Task prompt:
Beginning with the line that holds "Empress Ambulance Westchester" and ending with the last line below, repeat each line exactly, leaving any pictures out.

★ ★ ★ ★ ★ ★ ★

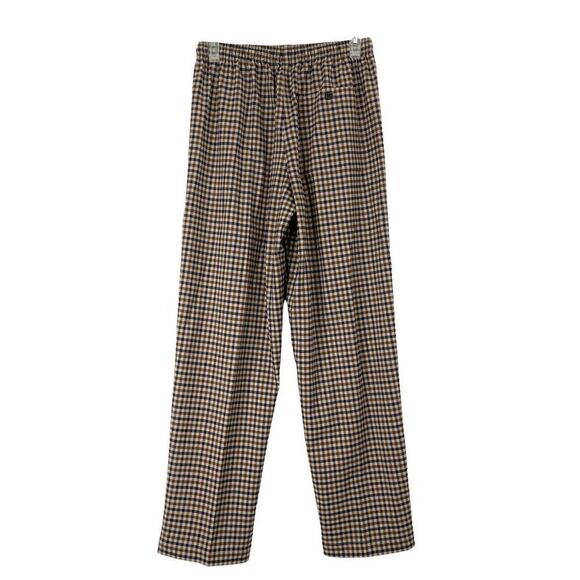 NEW J. Crew Tie-waist straight-leg pants in honey‎ plaid Italian wool Size 00 - Picture 11 of 12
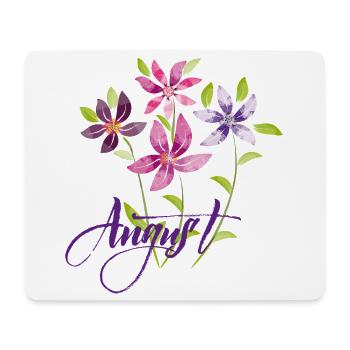  Blumenstrauß August - Mousepad (Querformat) - Weiß - Vorne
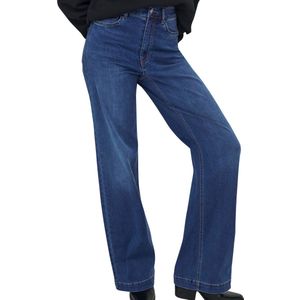 Only - Madison Royal High Waist Wide Jeans - Donkerblauw - Dames
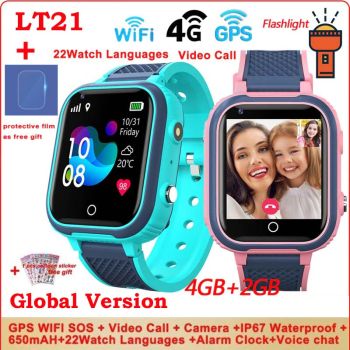 LT21 4G Kids Smartwatch GPS Tracker WIFI SOS Video And Phone Call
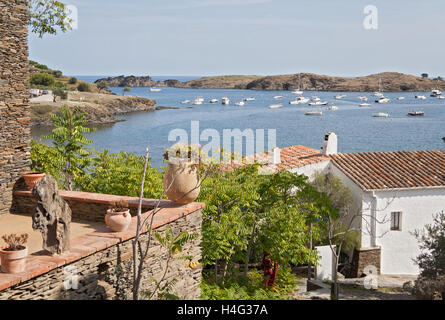 View of the small bay of Port Lligat in Catalonia, Spain Stock Photo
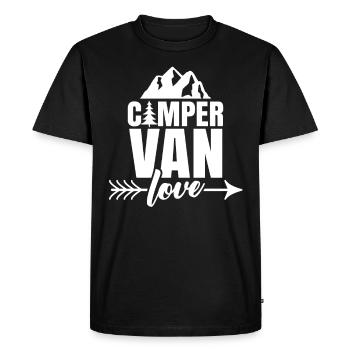 Campervan Love Motorhome Motorhome Caravan - Men's Premium Organic T-Shirt - black - Front - Nico (187cm)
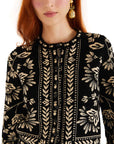 Flower Bloom Black Knit Cardigan
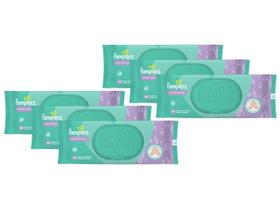 Kit Lenço Umedecido Pampers Aroma de Lavanda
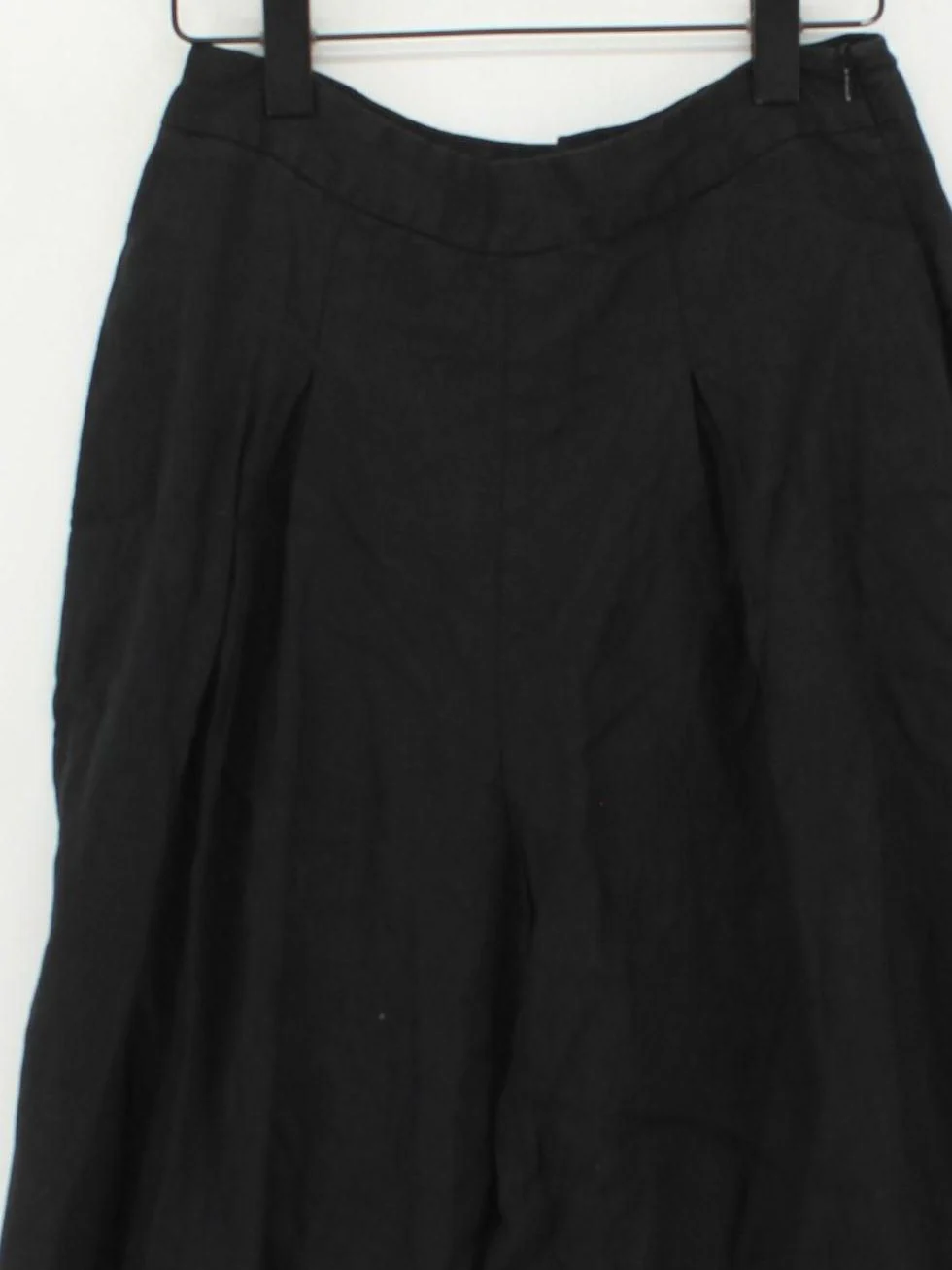 SECOND SUMMER Women's Trousers M Black 100% Linen Wide-Leg Chino - Image 3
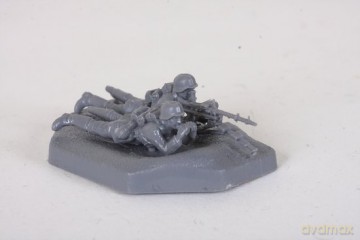 ZVEZDA German Machine Gun Crew 6106 [MODELARSTWO]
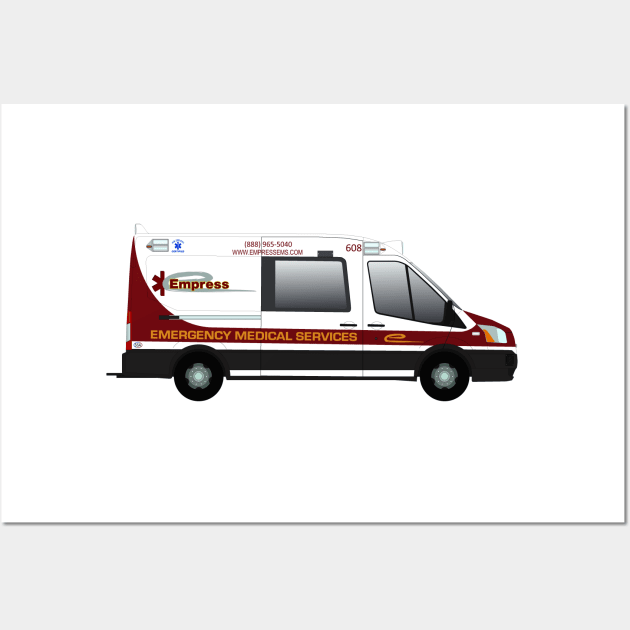 Empress Ambulance Westchester County Transit Wall Art by BassFishin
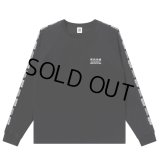 BlackEyePatch/HWC EMBROIDERED RAGLAN L/S TEE（BLACK）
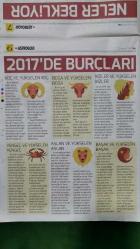 Hürriyet Kelebek 2 Gazete 2017'de Burçları Neler Bekliyor,Astroloji'nin Tarihçesi,Astroloji Fal Mıdır ?,2017'ye Kısa Bir Bakış,Yıldızlar Fısıldayacak Astrologlar Anlatacak,Astrofun Fest'in Yıldızları,Astroloji Sayesinde Neler Öğrendik,Yüzyıllardır İnsanlığın İlgi Odağı:Astroloji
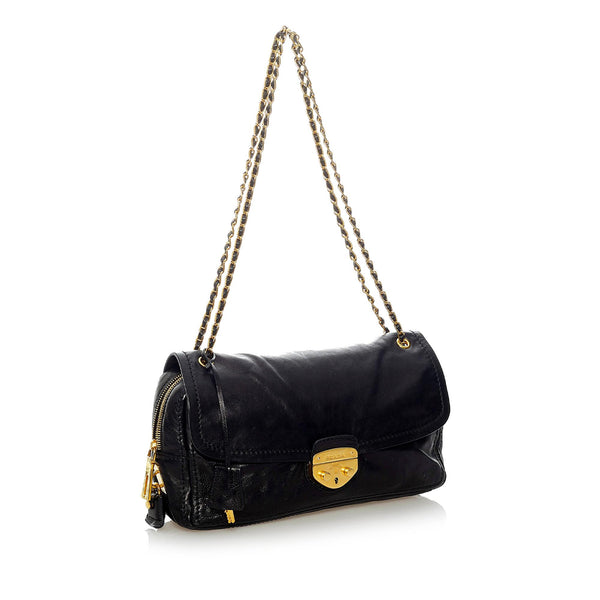 Prada Leather Shoulder Bag (SHG-25545) – LuxeDH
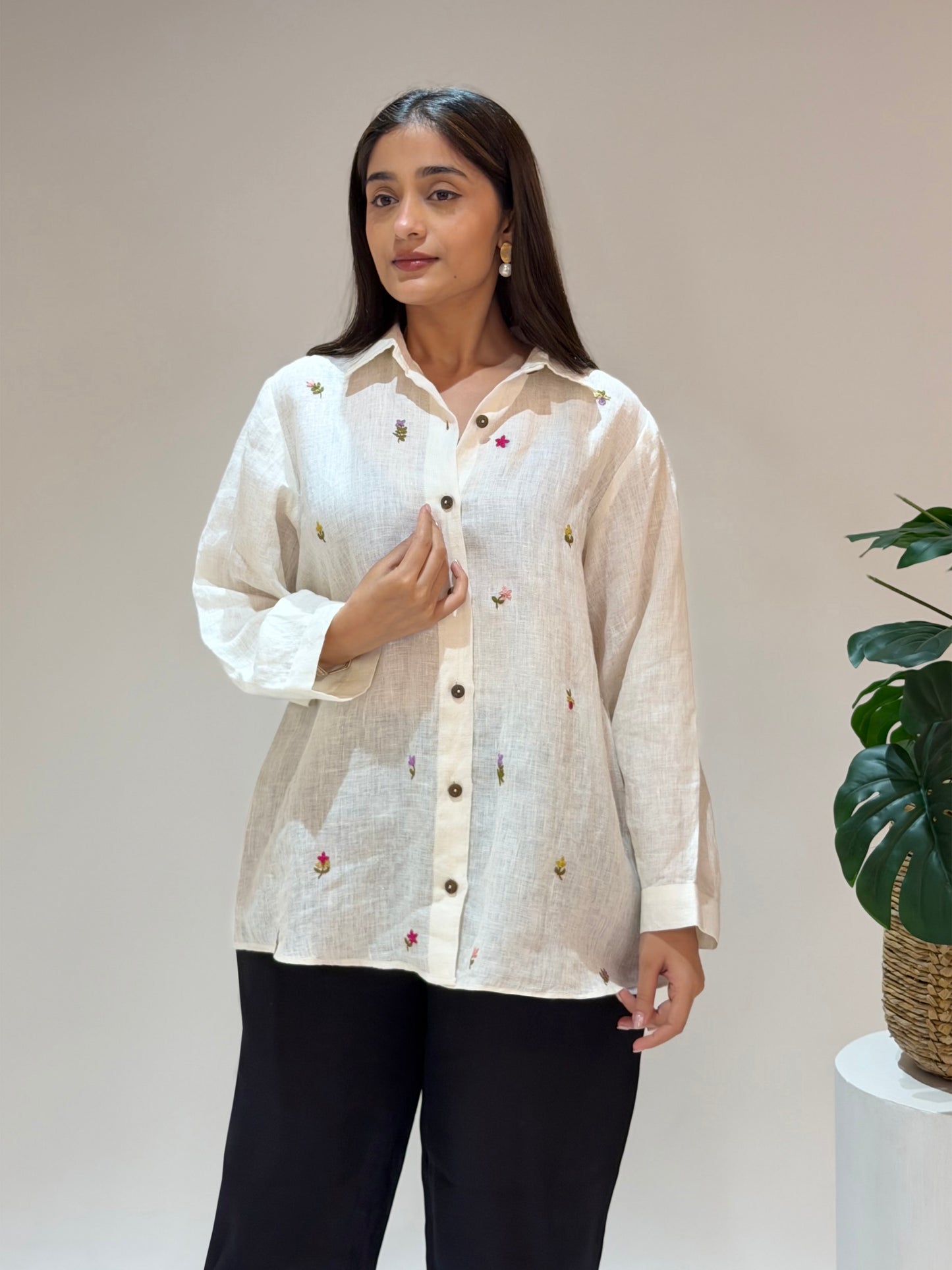 Linen Shirt - Off White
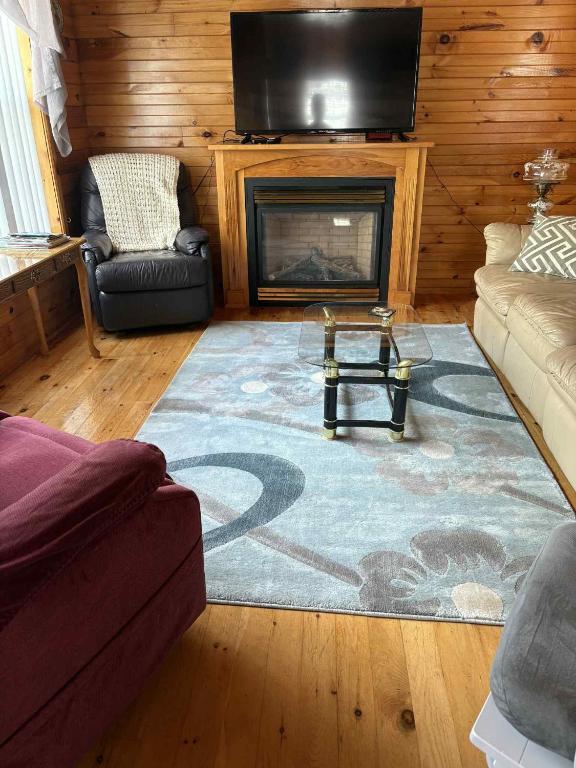 Posezení v ubytování Sunset Cottages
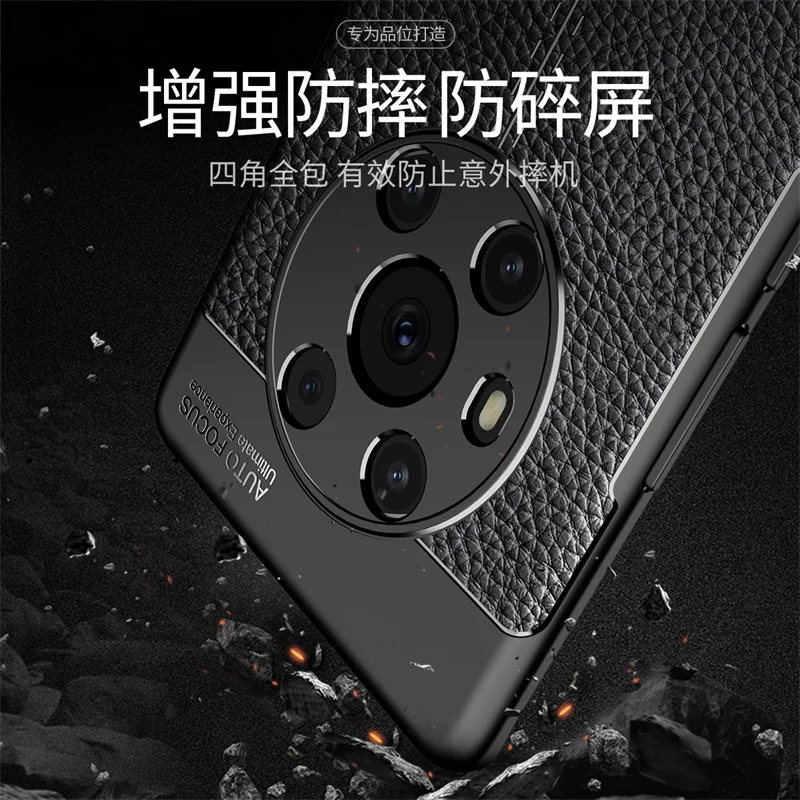 For Cover Honor Magic 3 Case For Honor Magic 3 Capas Shockproof Armor Phone Back Soft TPU Leather Cover For Honor Magic 3 Fundas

★ ★ ★ ★ ★ ★ ★

Exercise solution:
 Empress Ambulance Westchester County Transit Wall Art by BassFishin
 BlackEyePatch/HWC EMBROIDERED RAGLAN L/S TEE（BLACK）
 Hürriyet Kelebek 2 Gazete 2017'de Burçları Neler Bekliyor,Astroloji'nin Tarihçesi,Astroloji Fal Mıdır ?,2017'ye Kısa Bir Bakış,Yıldızlar Fısıldayacak Astrologlar Anlatacak,Astrofun Fest'in Yıldızları,Astroloji Sayesinde Neler Öğrendik,Yüzyıllardır İnsanlığın İlgi Odağı:Astroloji
 Prada Leather Shoulder Bag (SHG-25545) – LuxeDH
 Linen Shirt - Off White
 Posezení v ubytování Sunset Cottages
 For Cover Honor Magic 3 Case For Honor Magic 3 Capas Shockproof Armor Phone Back Soft TPU Leather Cover For Honor Magic 3 Fundas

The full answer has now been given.